It was a very fast-paced illness (4 months) and all of her family lives pretty far away, and the global crisis restricted them from coming up.

So, I had to look after my mother on my own. 19 at the time, I was her full-time carer. We moved house over the span of four days – Mum couldn’t get herself up the stairs to go to the bathroom.

By the time we moved house, it was August. My dad (57f) showed up once to help, but it was maybe the third time I’d seen him in 3 months.

My parents split in 2012 (I was 10, turning 11), and it was a bad breakup. They sold their house and split the money, and they only spoke via me for 5 years.

I’ve lived with my dad now since October, and it’s taken me 3 months to sort out Mum’s assets. She left no will, so it’s been complicated.
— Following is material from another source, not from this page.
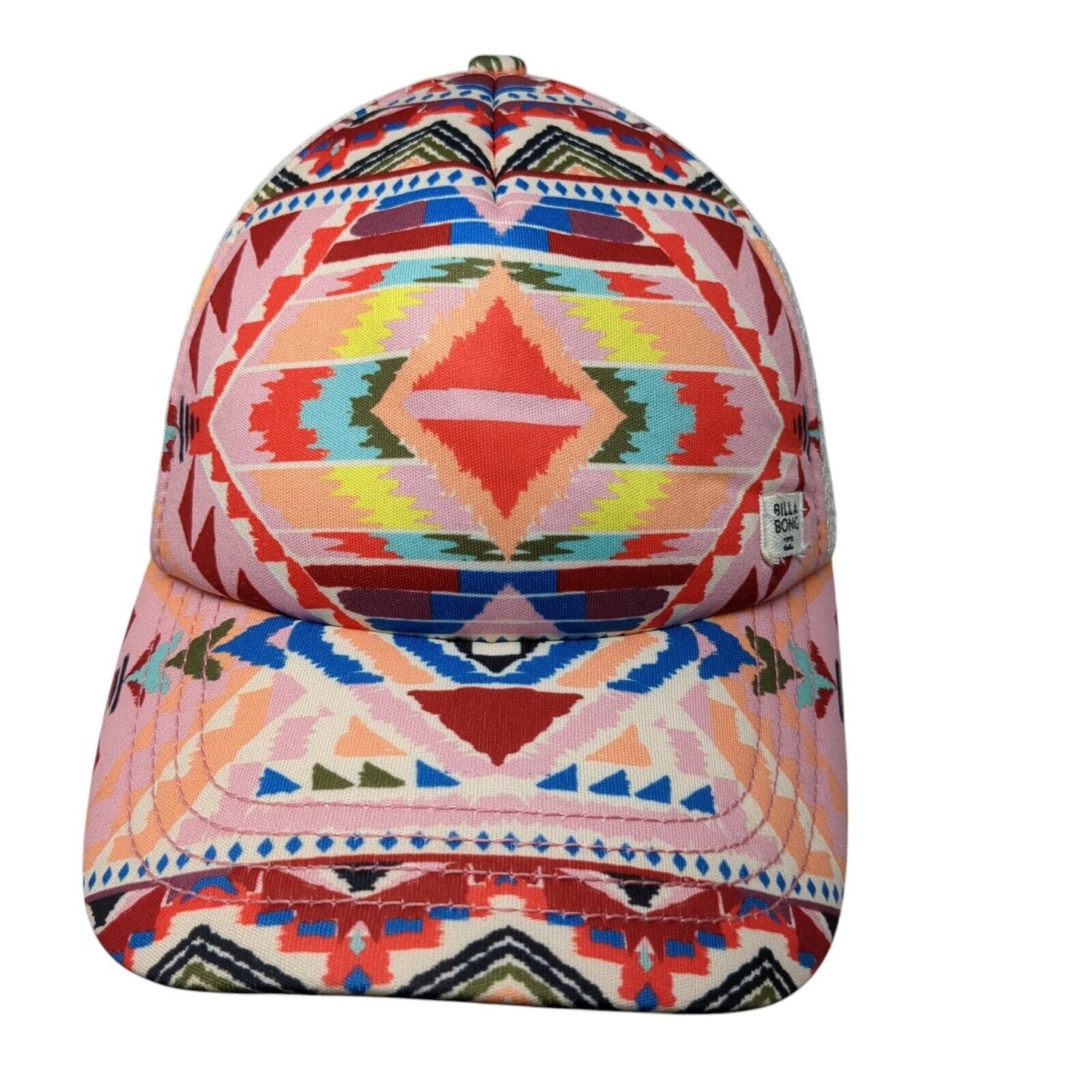 Billabong Snapback Mesh Back Trucker Hat Multi One Size Geo Aztec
I got everything done by the start of February, and I applied to her Super Fund to claim the money there as her only child and next of kin.

But I hit a bump in the road that I wasn’t expecting at all.
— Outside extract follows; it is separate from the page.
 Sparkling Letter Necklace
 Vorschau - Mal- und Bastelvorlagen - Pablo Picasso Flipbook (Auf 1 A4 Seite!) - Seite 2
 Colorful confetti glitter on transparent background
She had my dad (the man she had broken up with 9-10 years prior and never had a kind word to say about) down as the preferred beneficiary of her estate.

At first, I wasn’t worried. I told him, and he was surprised, but we agreed that it would be no problem and that he’d sign off on me collecting the funds if it came to that. He was down as a ‘non-binding preferred beneficiary’ so I was able to apply and get a response, no problem.

A couple of days ago we had a ‘serious talk’. In summary, that he wanted the money because he didn’t want me to turn into my mother. He said that she wanted ‘hand-outs’ and he doesn’t want me to ‘sit on my butt at home all day’ like she did.

He claimed that I’d been doing nothing since I got here and that I needed to prove I deserved the money. (I will not be disclosing the amount, but it is less than $100K AUD).

I argued against him, and he called me selfish and a child.

He plans to use the money to help him pay off his own house.

He told me that when they broke up she took $35K from his Super, which leads me to believe that he sees enough of her in me that taking that money back would get him ‘even’.

I don’t think that claiming my mum’s super is a ‘hand-out’. It’s the only thing that she left after she died. He’s making me feel like a jerk for wanting to claim what she had, even though I feel like I’m morally in the right.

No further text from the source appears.